Por lo que se refiere a la conversión de la energía luminosa en energía química almacenada, las microalgas constituyen organismos fotosintéticos extraordinariamente eficientes, que alcanzan rendimientos de hasta el 5% y productividades de biomasa de 50 a 200 toneladas (peso seco) por hectárea y año, valores no sólo notablemente superiores a los de los otros cultivos agrícolas convencionales sino de los más elevados que se conocen.

En general, las microalgas se desarrollan naturalmente en medios acuáticos, tanto de agua dulces como saladas, por lo que su cultivo no compite, en principio, con la mayoría de los cultivos agrícolas convencionales. Las microalgas pueden cubrir total o permanentemente las superficies de las zonas destinadas a su cultivo, ya que, en las áreas donde no se presentan cambios climáticos drásticos, su crecimiento puede mantenerse a lo largo de todo el año, habiendo además cepas que pueden tolerar condiciones ambientales adversas para la mayoría de los organismos.

Entre los diversos grupos de microalgas utilizables se destacan especialmente las cianobacterias fijadoras de nitrógeno atmosférico, ya que, en contraste con el resto de organismos fotosintéticos, no requieren compuestos nitrogenados para su desarrollo.

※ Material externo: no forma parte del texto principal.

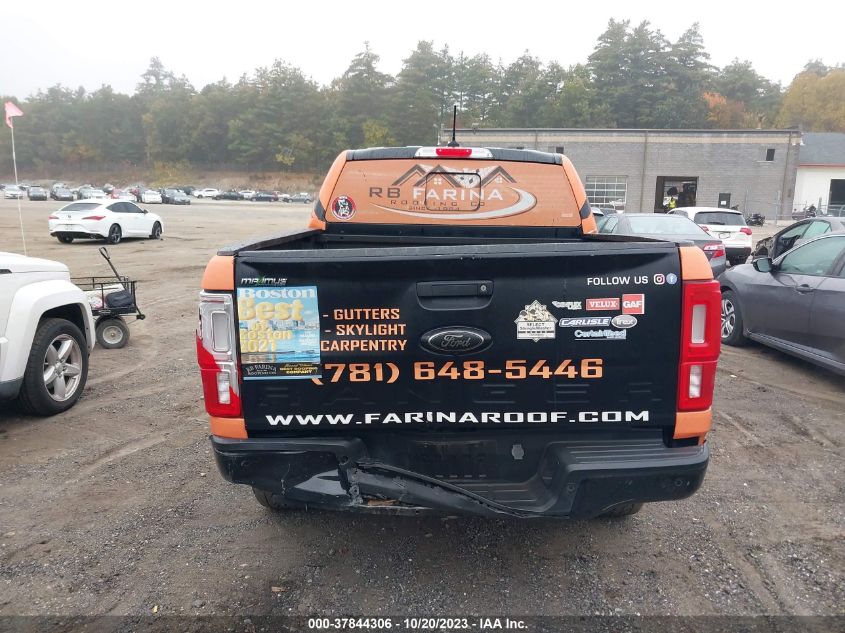2021 FORD RANGER XL/XLT/LARIAT - 1FTER4FH2MLD19713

Muchas cianobacterias filamentosas están provistas de heterocistos que pueden utilizar el N2 presente en el aire para síntesis de su material celular.

Las posibilidades del empreo de las microalgas son muy diversas. La biomasa de las algas se puede emplear con fines energéticas, en cuyo caso la digestión anaeróbica para la producción de biogás con alto contenido de metano parece ser el proceso más adecuado, debido a que permite la utilización de materiales con alto contenido de agua.

Otra posibilidad para el aprovechamiento de la biomasa de algas es su utilización como materia prima para la extracción de compuestos, dado que en el interior de las mismas se puede almacenar cantidades considerables de algunas substancias de especial interés, por ejemplo, el alga verde Botryococcus braunii, cuyo contenido en hidrocarburos ligeros representa hasta el 75% del peso seco del organismo. También en estos casos, una vez extraído el compuesto de interés, el resto de la biomasa puede utilizarse para otros propósitos, tal como la producción de metano por digestión anaeróbica.